There is widespread discontent regarding this issue amongst the power users and authors of the SCP Wiki. Many of them see the removal of LGBTQ+ characters and character traits, and even the author's name, as being malicious, to deliberately ignore parts of the original content. However, it is far more likely that these changes are being made as compromises for time, due to either a lack of understanding the proper way to utilize a character with neopronouns. There is also a fear of potential backlash due to the audience receiving such aspects of the SCP Canon with hostility. Unfortunately, it can boil down to cisgender folks being trepidatious about asking questions for fear of inciting backlash, thus leading to correctable errors going unaddressed. It’s not even necessarily an intentional decision being made on their part.

Oftentimes it can simply be a matter of resources. If a voice-acted work is lacking in feminine voice actors or vice-versa, the gender of a character may flip out of necessity. It’s possible they didn’t understand a non-binary character to be such, assuming their gender without carefully inspecting that assumption before entering the production phase. Ultimately, there are many reasons other than explicit malice which might explain why something LGBTQ+ could be removed in an adaptation, determining their validity is an exercise left to the reader.

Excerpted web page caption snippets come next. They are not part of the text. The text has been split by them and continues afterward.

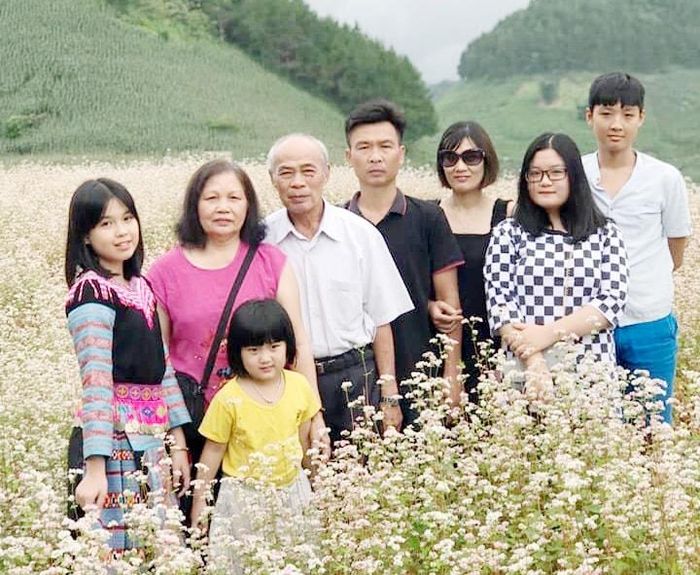 Niềm vui sum vầy cùng con cháu của vợ chồng ông Trần Văn Thân. Ảnh: Công Kiên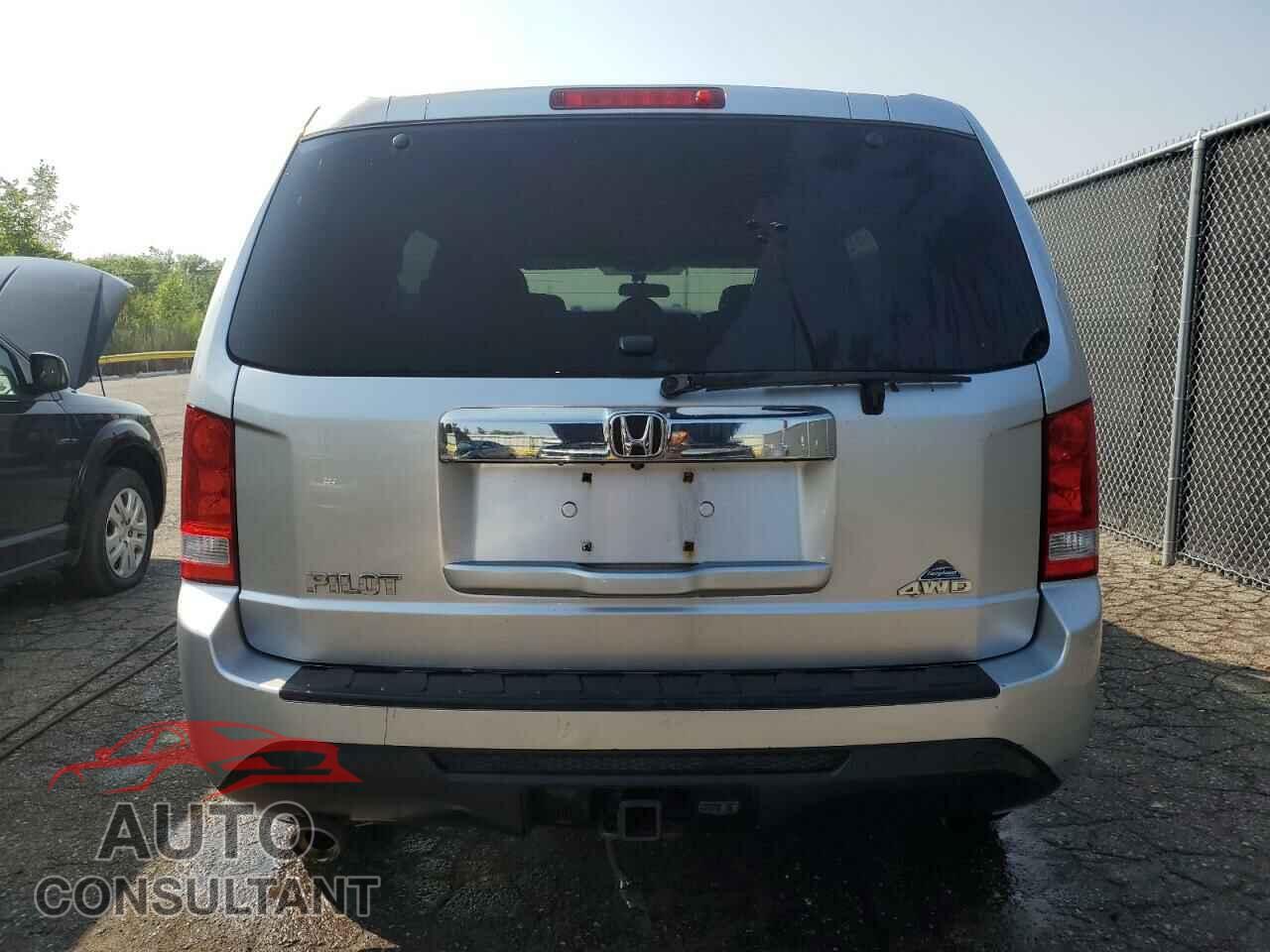HONDA PILOT 2014 - 5FNYF4H44EB016078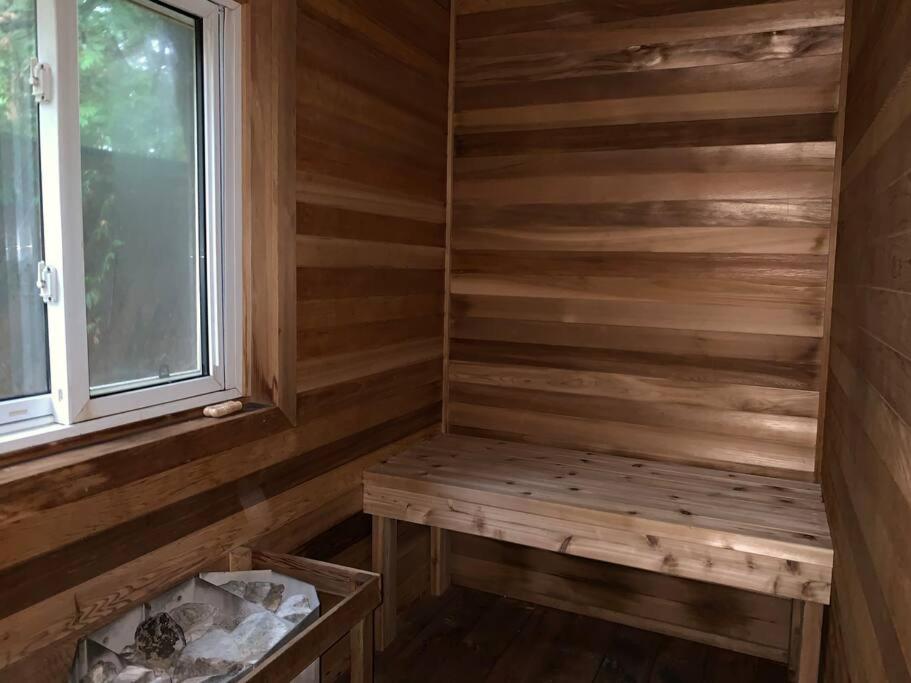 Modern Chic Cottage - Hot Tub, Sauna, Tay Trail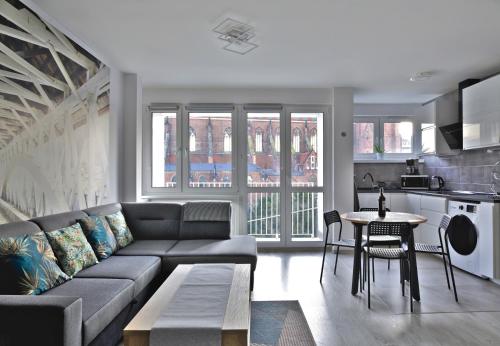 Amik apartament-Night View, Вроцлав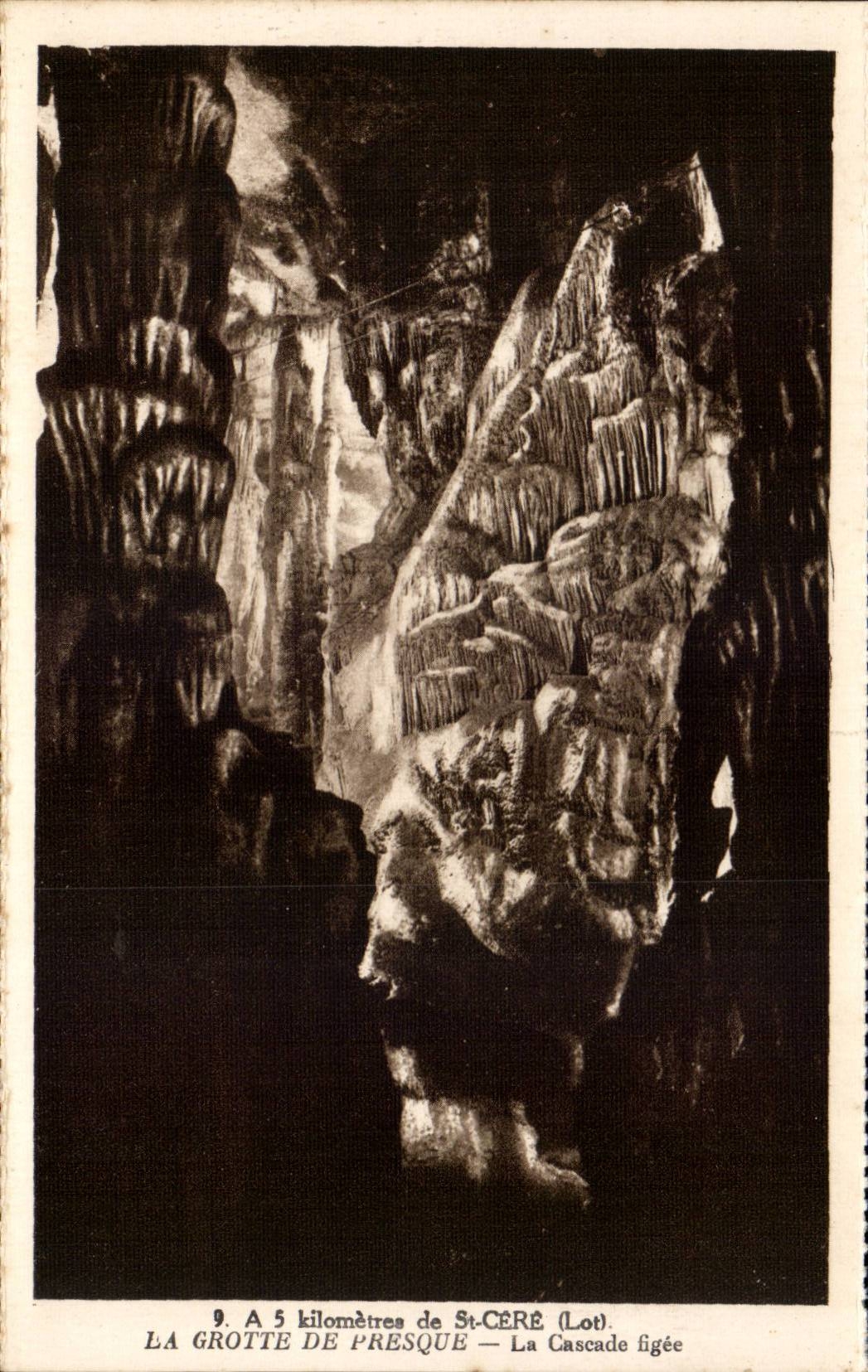 CPA a 5 km de Saint Cere La grotte des presque La cascade figee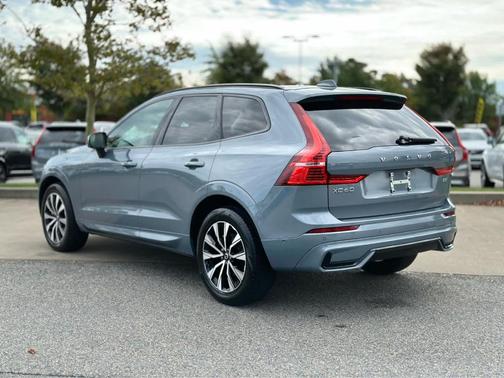 2024 Volvo XC60 B5 Plus Dark Theme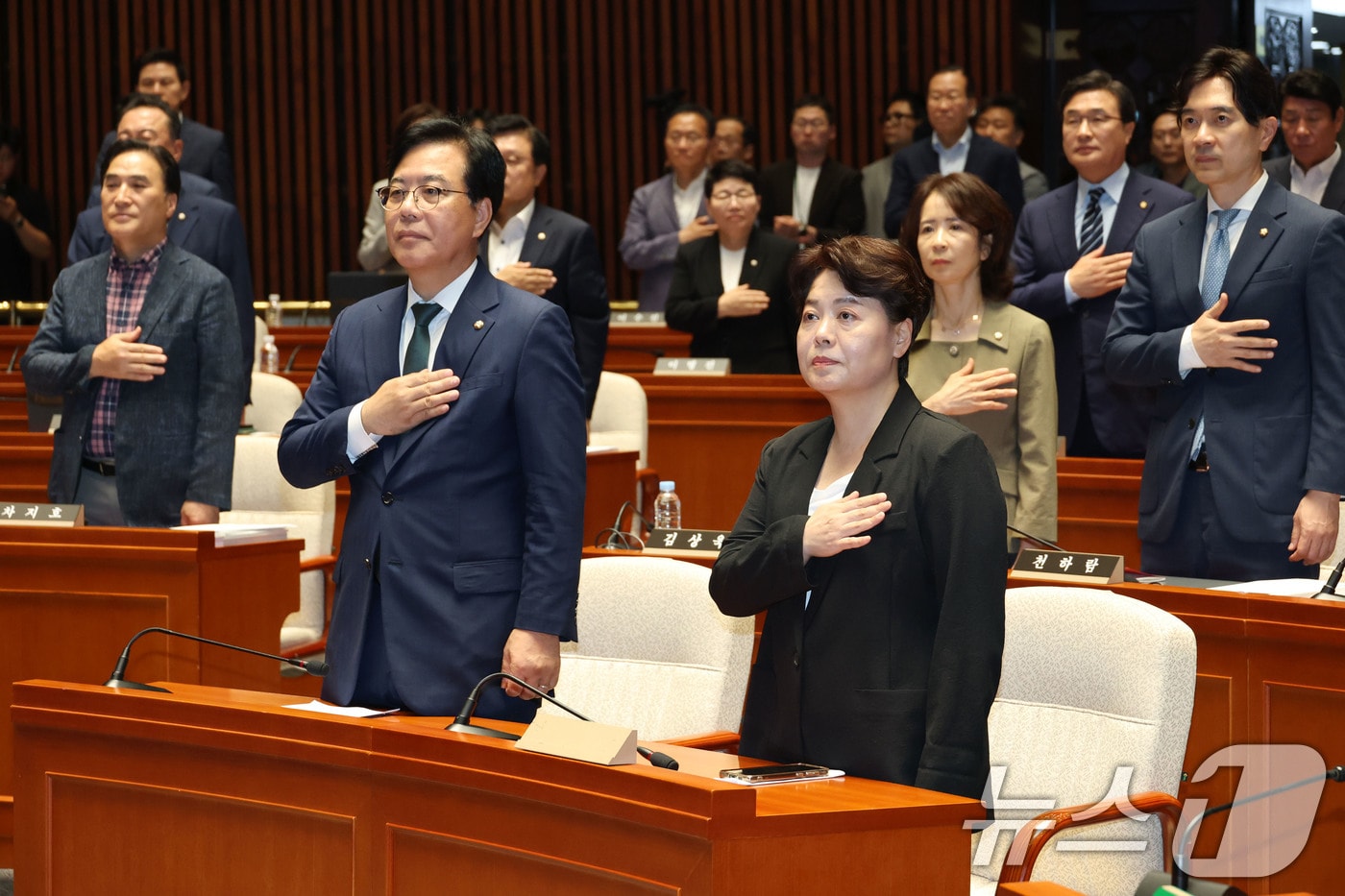 송언석 국민의힘 비상대책위원장 겸 원내대표와 윤희숙 혁신위원장이 9일 오후 서울 여의도 국회에서 열린 의원총회에서 국민의례를 하고 있다. 2025.7.9/뉴스1 ⓒ News1 이광호 기자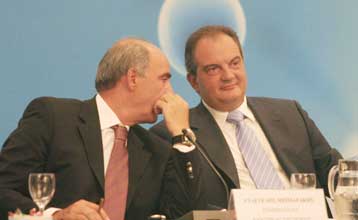 Σφοδρή επίθεση Μεϊμαράκη στο ΠΑΣΟΚ με αφορμή την αλλαγή εκλογής δημάρχων και νομαρχών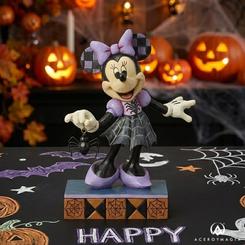 Un estilo juguetón y exquisitamente detallado da vida a esta figura Minnie in Spider Dress, una creación en resina del artista Jim Shore que destaca por su encanto artesanal y su estética festiva. 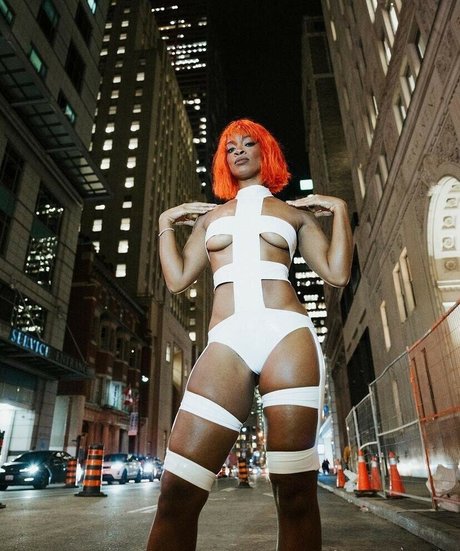 Ari Lennox adult actress pictures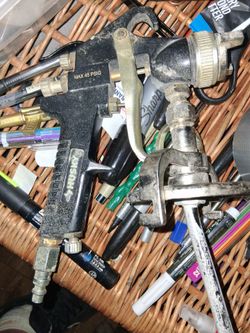 Husky siphon feed spray paint gun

It seems that the vast majority of these videos’ audience would either not notice, not care, or even prefer that their videos not address these aspects of the characters being represented. It is no secret that there exists a gaping chasm between the writers and power users of the SCP Wiki and the attitudes present in the wider fandom. To put it bluntly, there is a lot of distaste for the usage of queer themes and LGBTQ+ characters/imagery, maybe not in the SCP Wiki, but certainly around it. For many audience members, this aspect of the SCP Wiki is an unwelcome intrusion rather than a natural evolution. For those who have been a part of the process of making the SCP Wiki a more welcoming and inclusive place, this probably seems shocking.

This can be seen in responses to SCP authors complaining about their unhappiness regarding unfaithful adaptation of their works. The attitude is often dismissive, insinuating that because there has been so much progress on the English SCP Wiki and beyond to include LGBTQ+ characters and themes that there is no reason to be upset about an adaptation failing to represent that. This dismissive argument is representative of the wider division within the fandom regarding LGBTQ+ influenced writing. The divide revealed during the 2018 Pride Fiasco remains unbridgeable.

Doing better is possible, if the SCP Wiki wished to do more than commemorating Pride once every couple of years they could organize their Internet Outreach team to actively communicate with content creators, or better yet community members could organize on their own without inviting the slow compromising processes of staff to get involved in the process. Communication is a two-way street. If SCP fans and SCP authors can stop watching one another and start speaking instead, they could make straightwashing part of the past.